Exercise brief: Make an exact copy of all the data, pictures excluded.

Collected data:
........
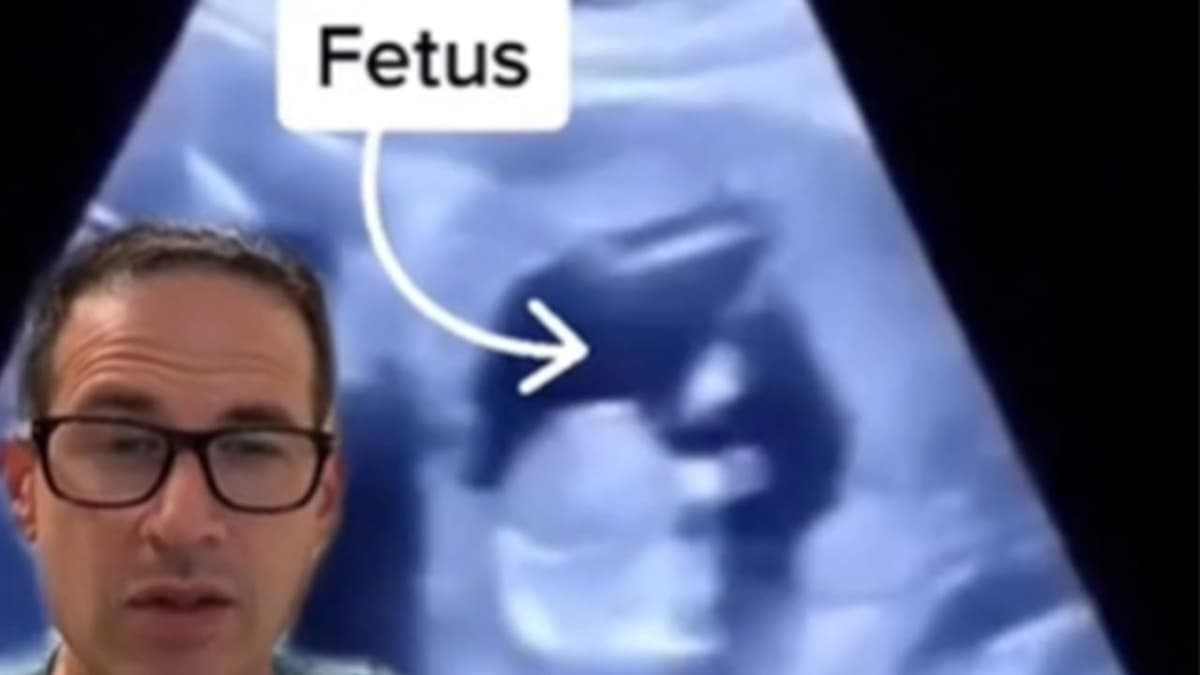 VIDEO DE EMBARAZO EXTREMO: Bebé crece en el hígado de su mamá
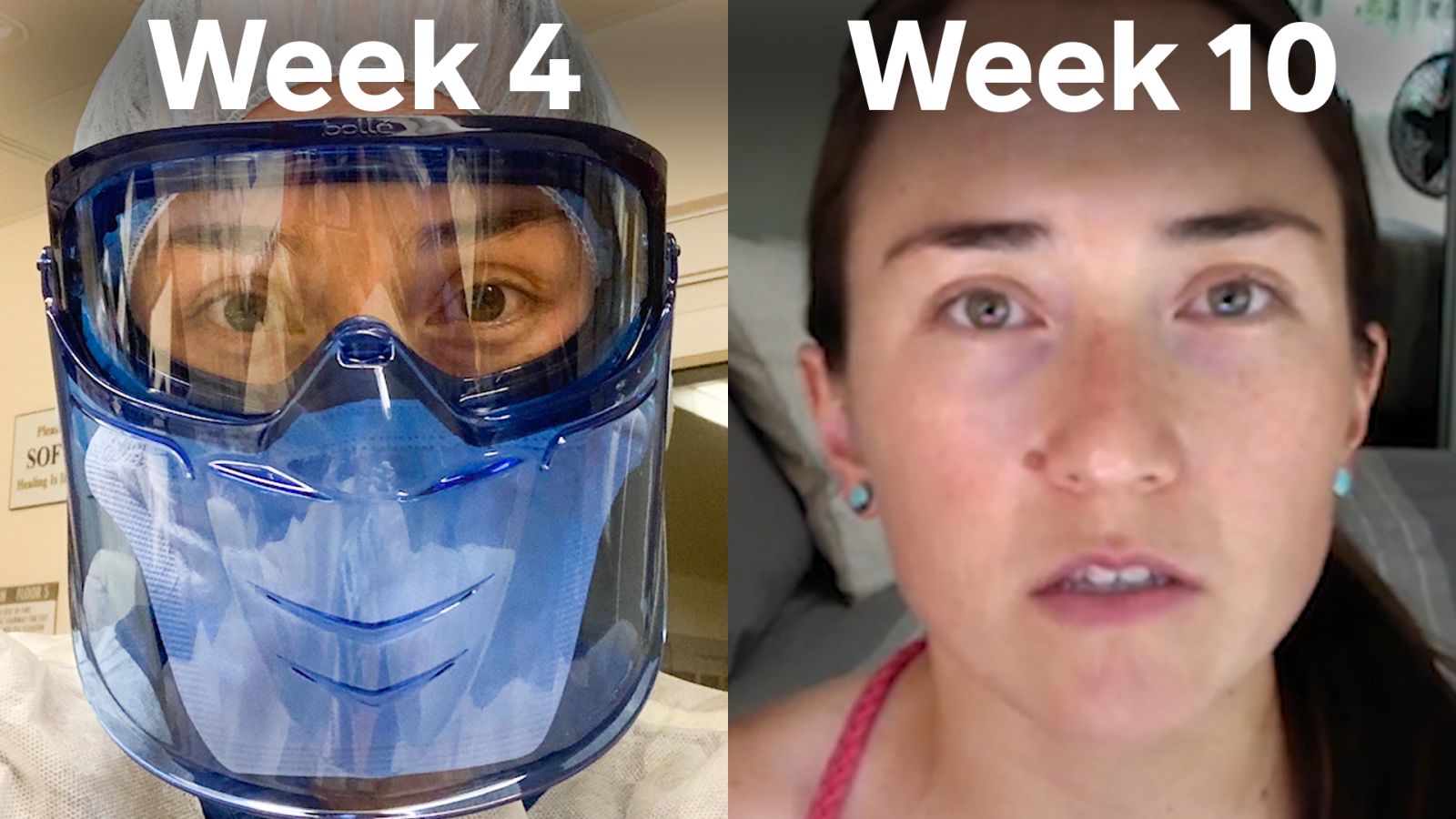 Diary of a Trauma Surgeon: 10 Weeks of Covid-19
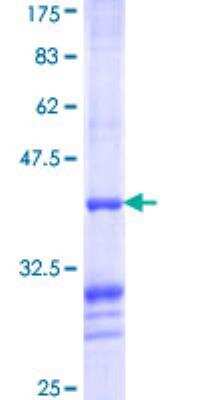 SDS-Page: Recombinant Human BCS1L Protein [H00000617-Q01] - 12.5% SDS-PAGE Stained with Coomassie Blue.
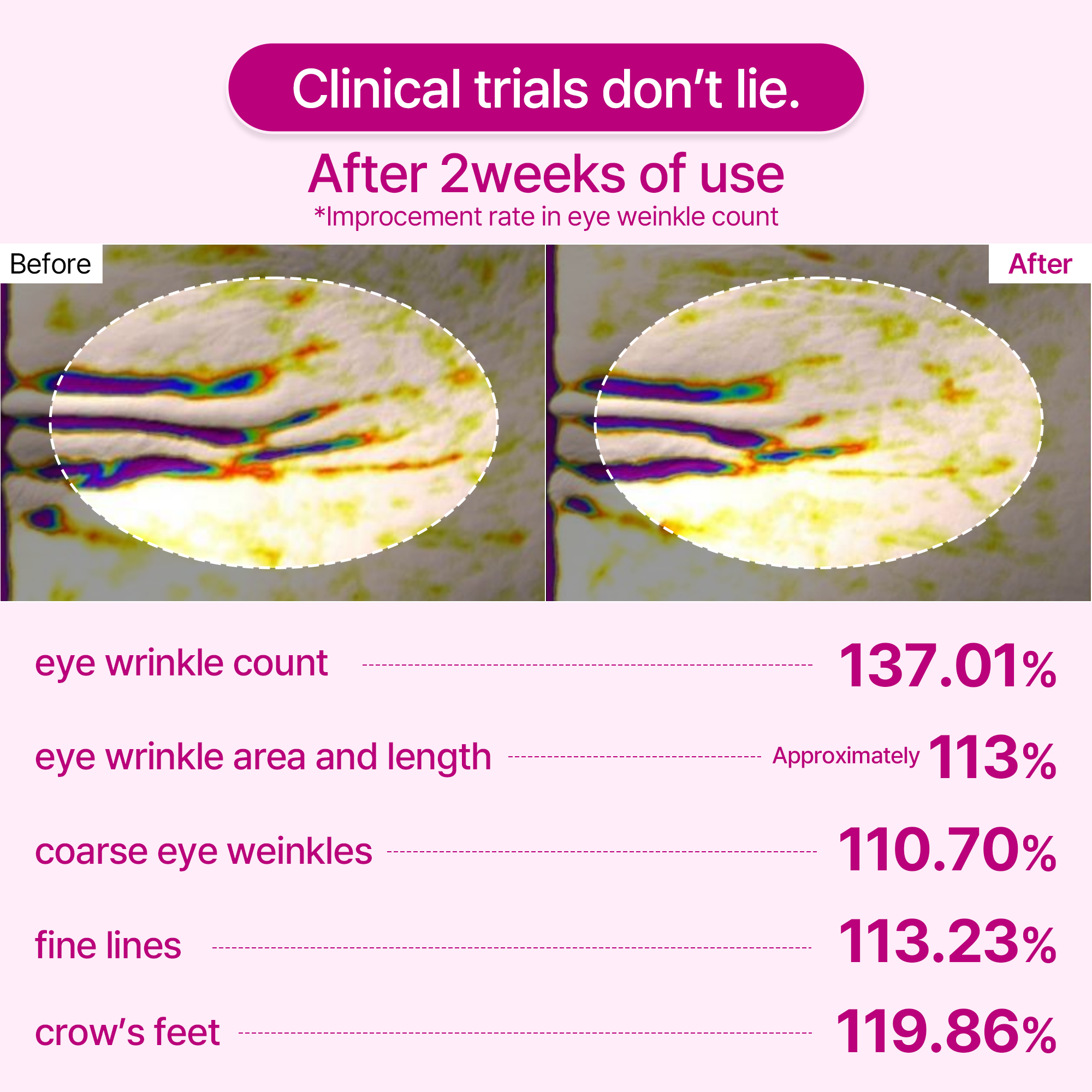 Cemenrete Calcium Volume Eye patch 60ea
........
Answer section:
 VIDEO DE EMBARAZO EXTREMO: Bebé crece en el hígado de su mamá
 Diary of a Trauma Surgeon: 10 Weeks of Covid-19
 SDS-Page: Recombinant Human BCS1L Protein [H00000617-Q01] - 12.5% SDS-PAGE Stained with Coomassie Blue.
 Cemenrete Calcium Volume Eye patch 60ea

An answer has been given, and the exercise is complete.